Look for the line with "Auto - Peugeot 208 puretech 82 5p. access"; please transcribe it and every later line in the entries exactly, up to the end, leaving pictures out.

## Image-caption web data
BEGIN
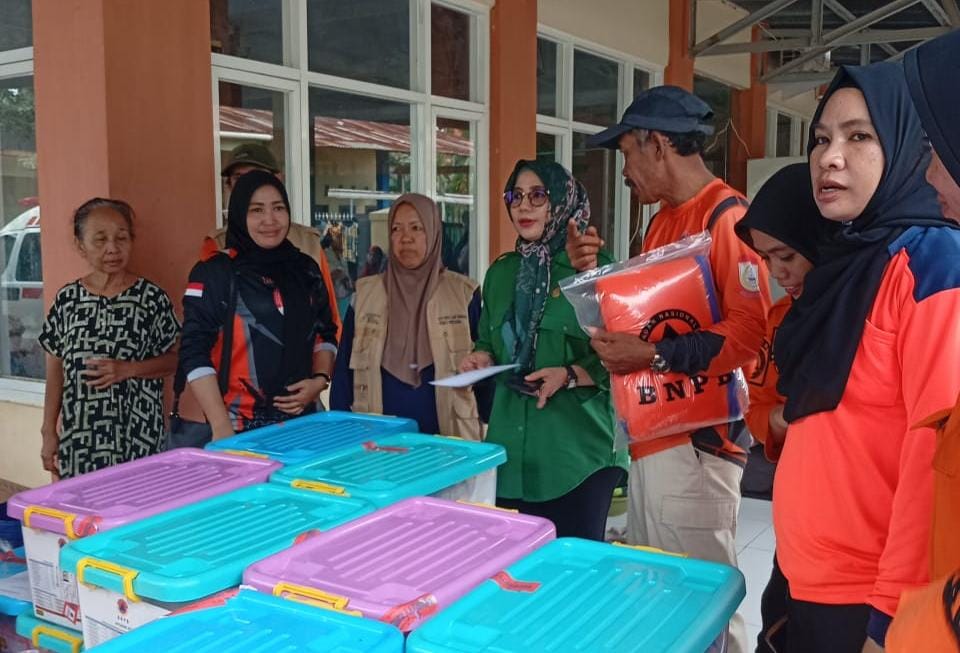 Anggota DPRD kota Makassar dari Fraksi PPP, Hj Umiyati bersama tim, mengunjungi lokasi banjir di Kecamatan Manggala Makassar, Jum'at (14/2/2025).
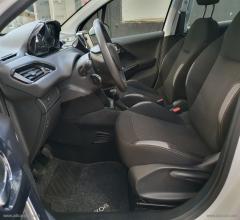 Auto - Peugeot 208 puretech 82 5p. access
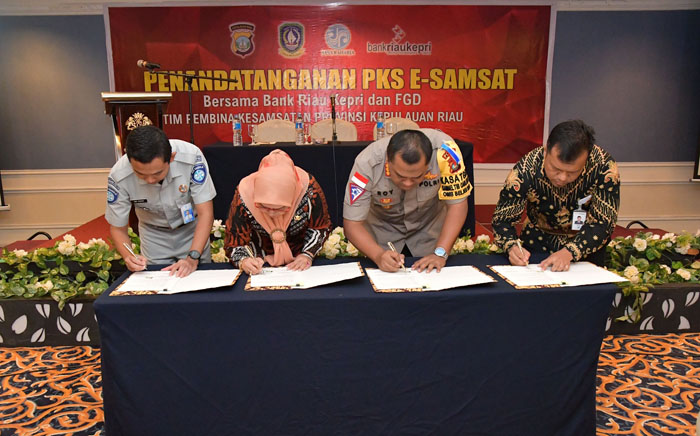 Kepri Resmi Gunakan E-Samsat Bank Riau Kepri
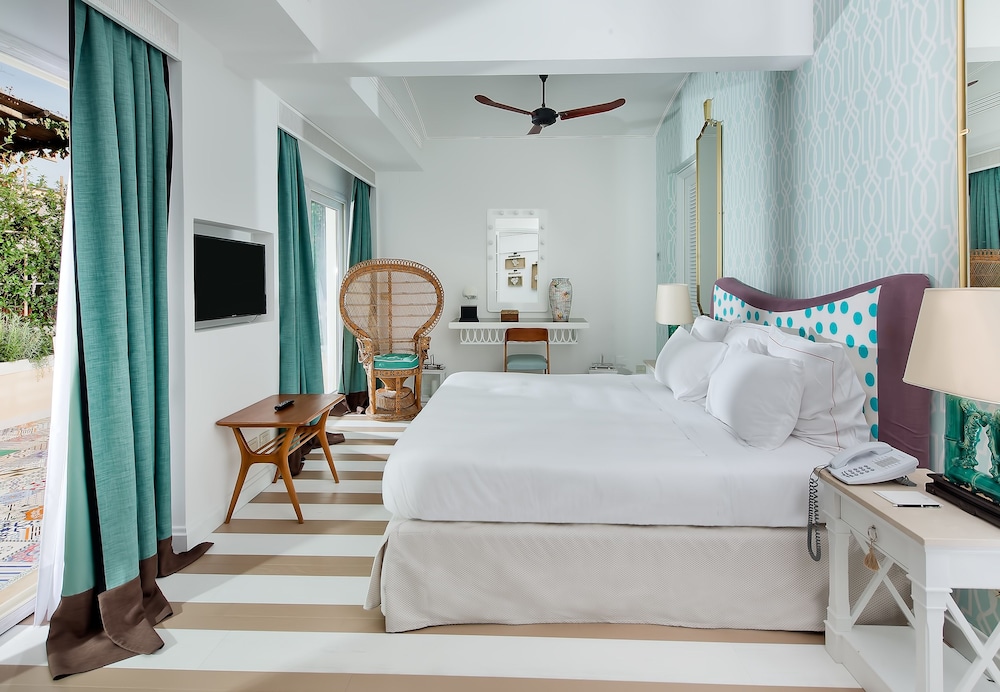 FAMILY SUITE, KING BED, COURTYARD VIEW, SOFA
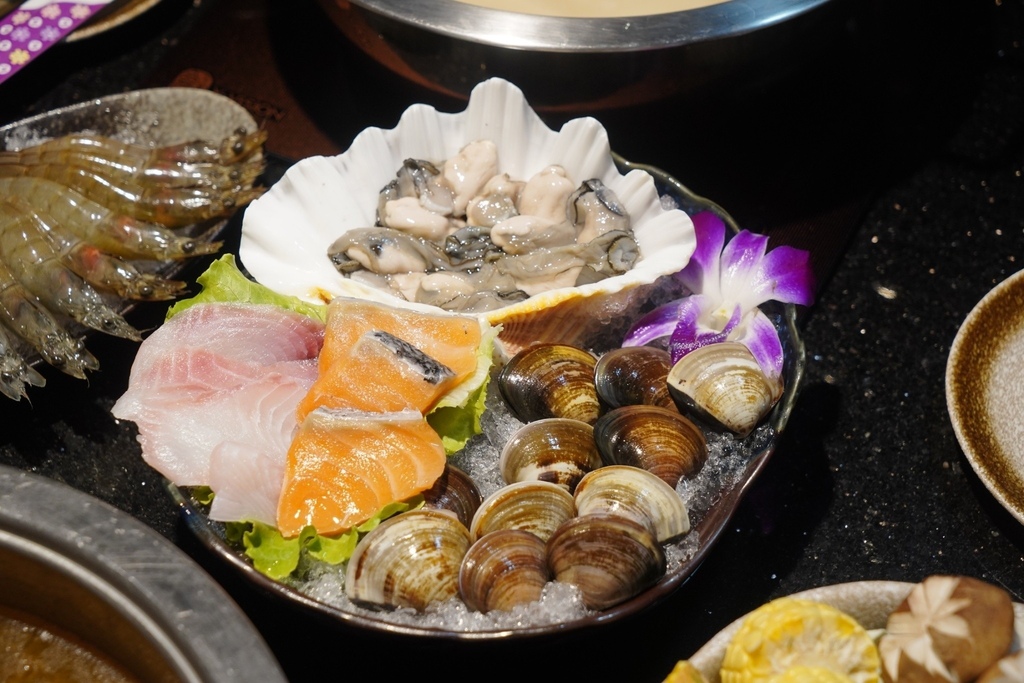 【高雄火鍋推薦】人氣海陸盛宴初體驗ㄎㄨㄥˋ湯極品鍋物·燒烤 【高雄火鍋推薦】人氣海陸盛宴初體驗ㄎㄨㄥˋ湯極品鍋物·燒烤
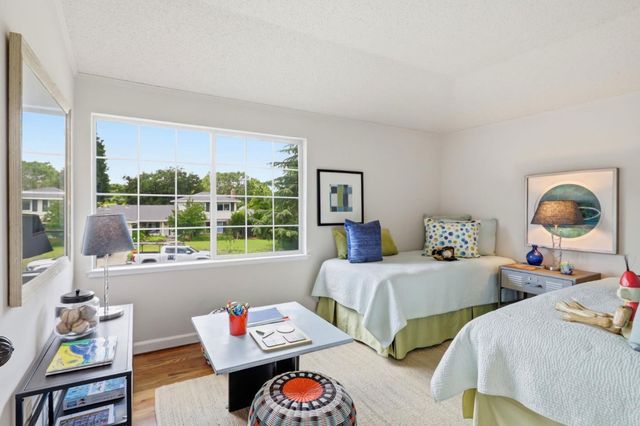 1131 Runnymead Drive, Los Altos, CA 94024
END
## Output of the task
 Auto - Peugeot 208 puretech 82 5p. access
 Kepri Resmi Gunakan E-Samsat Bank Riau Kepri
 FAMILY SUITE, KING BED, COURTYARD VIEW, SOFA
 【高雄火鍋推薦】人氣海陸盛宴初體驗ㄎㄨㄥˋ湯極品鍋物·燒烤 【高雄火鍋推薦】人氣海陸盛宴初體驗ㄎㄨㄥˋ湯極品鍋物·燒烤
 1131 Runnymead Drive, Los Altos, CA 94024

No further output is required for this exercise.